(Scraped caption text data)

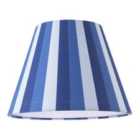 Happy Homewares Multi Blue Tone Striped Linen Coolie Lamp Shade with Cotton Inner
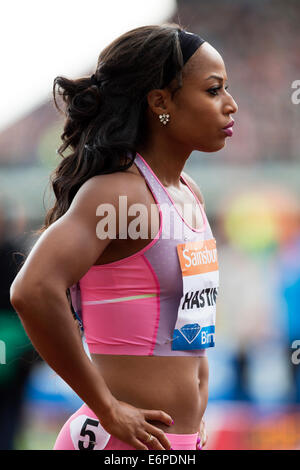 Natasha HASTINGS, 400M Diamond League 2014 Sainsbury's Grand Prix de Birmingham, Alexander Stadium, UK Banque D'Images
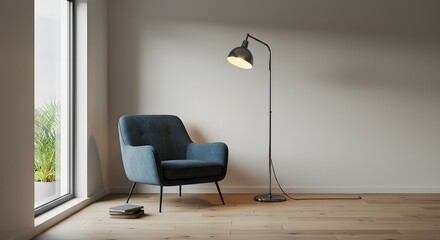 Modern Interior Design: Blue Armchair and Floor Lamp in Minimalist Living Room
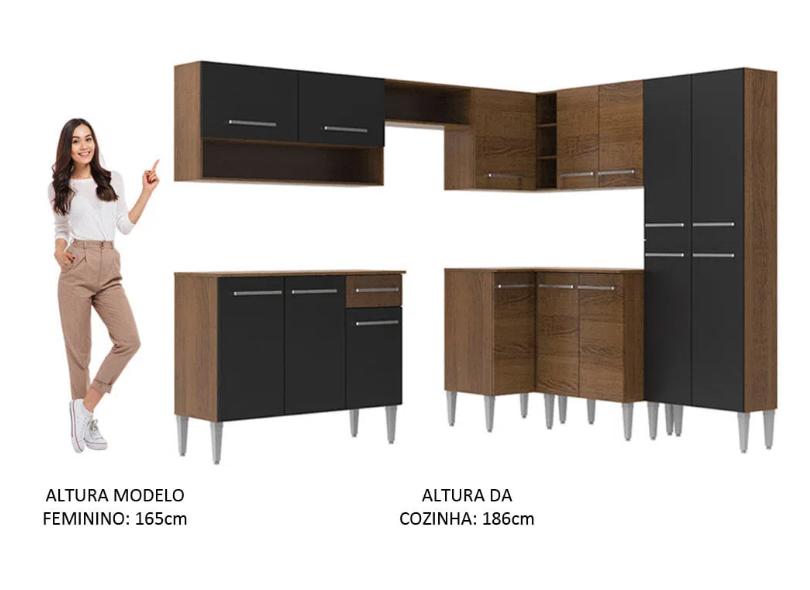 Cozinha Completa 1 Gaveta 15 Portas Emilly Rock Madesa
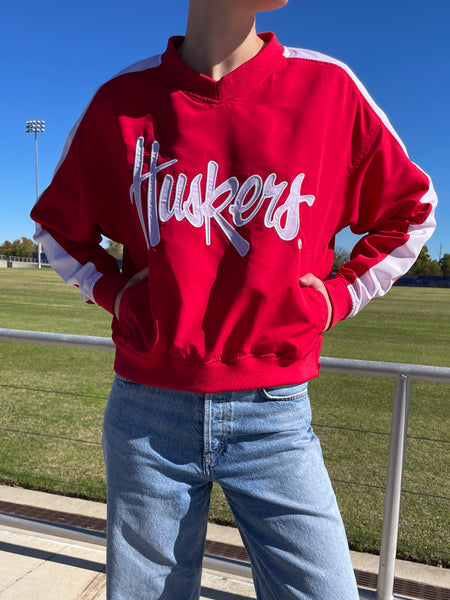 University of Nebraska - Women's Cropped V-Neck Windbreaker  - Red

Task details - Wherever a picture appears, omit it; copy the rest of the data exactly.

Solution to this task -
 Happy Homewares Multi Blue Tone Striped Linen Coolie Lamp Shade with Cotton Inner
 Natasha HASTINGS, 400M Diamond League 2014 Sainsbury's Grand Prix de Birmingham, Alexander Stadium, UK Banque D'Images
 Modern Interior Design: Blue Armchair and Floor Lamp in Minimalist Living Room
 Cozinha Completa 1 Gaveta 15 Portas Emilly Rock Madesa
 University of Nebraska - Women's Cropped V-Neck Windbreaker  - Red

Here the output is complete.